Sometimes, revisiting a dream can be more satisfying than the original experience. You’re in familiar terrain this time, albeit one shaped according to the predilections of your misshapen psyche. But even if it’s one of those high-anxiety nightmares where it’s final-exam day for a required class that you forgot to attend all year—and your pants are mysteriously missing, along with your underwear—you know this is a dream you’ve already figured out. You can anticipate what’s coming next, no matter how horrible, and you can navigate the storyline, maybe even change things for the better this time around. It becomes a test: Can you outsmart your own unrestrained imagination?
Sadly, there are few such mental challenges in the nightmare world of Borderlands 2. It is the exact same nightmare world of the first Borderlands from 2009, and nothing you can do will change the sequence of events unfurling beneath your trigger fingers. You’re stuck in the same game you already played before, the one you beat years ago. This is not a dreadful fate, exactly, but it’s certainly not what was promised by a couple years’ worth of hype and near-universal acclaim upon release. Rather than transcending the original Borderlands with a new story, new challenges, and new gameplay—or at least some variations, which is pretty much the baseline requirement for sequel success—Borderlands 2 serves up nearly the exact same story, same challenges, and same gameplay. Consider it the largest and most expensive DLC add-on you’ll ever buy.
Of course, the gaming universe is overrun with disappointing sequels. What makes this one especially noteworthy is that the first Borderlands was such a surprisingly fresh experience—you got the sense that the game designers were just grazing its potential on their first outing. Developer Gearbox Software combined the slow-burn character building of an RPG (you choose your character from four different types, then add abilities as you level up), the immediate action of a first-person shooter, and the loot-acquiring fervor of a hack-and-slash dungeon crawl—and it all worked together well. Although set in the arid desert world of Pandora (and arid desert worlds all pretty much look the same), it nevertheless felt like someplace new due to its cartoon visual style and eminently death-worthy foes.

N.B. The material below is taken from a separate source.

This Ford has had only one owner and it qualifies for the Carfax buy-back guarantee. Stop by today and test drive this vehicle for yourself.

If Borderlands had a particular weakness, it was that the guns were more interesting than the characters—even your character. Or maybe that was its strength? With a reputed 17 million-plus different gun combinations randomly available, the game became an endless quest to find improved firepower. To heck with such subtleties as a “story” or even “scenarios”—let’s just open every damn crate on the planet until we find a missile launcher with a faster reload time. Tedious? Sure. But oh, the satisfaction of finally attaining serious weaponry to lay waste to those annoying desert mutants.

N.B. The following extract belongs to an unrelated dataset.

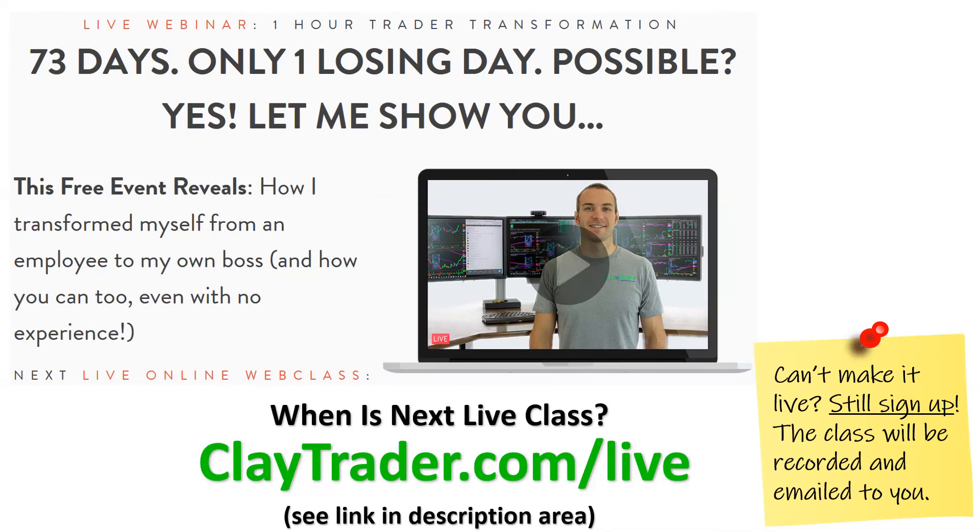If you found this video helpful, then I'm very confident in saying you'd find great value in the live web class that I'm offering, which is totally free. If you're interested in learning more or getting signed up, you can go to claytrader.com/live or just see the link in the description area below. It is live, so there's a question and answer session — it's all very interactive. Go check it out, get signed up and I'll see you there.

So, just imagine if the game developers took this promising start and evolved it into a truly interactive adventure tale. What if there were terrains to explore other than barren desertscape? What if there were distinct alien cultures to examine? What if there were characters you could converse with and unlock an involving story? What if there were things at stake that you could actually care about as a player—things bigger than simply “destroy psychos base camp #243 and retrieve item #162”? Well, that’s what we were assured in an untold number of preview articles. But I have yet to discover any such advancements as I play through Borderlands 2.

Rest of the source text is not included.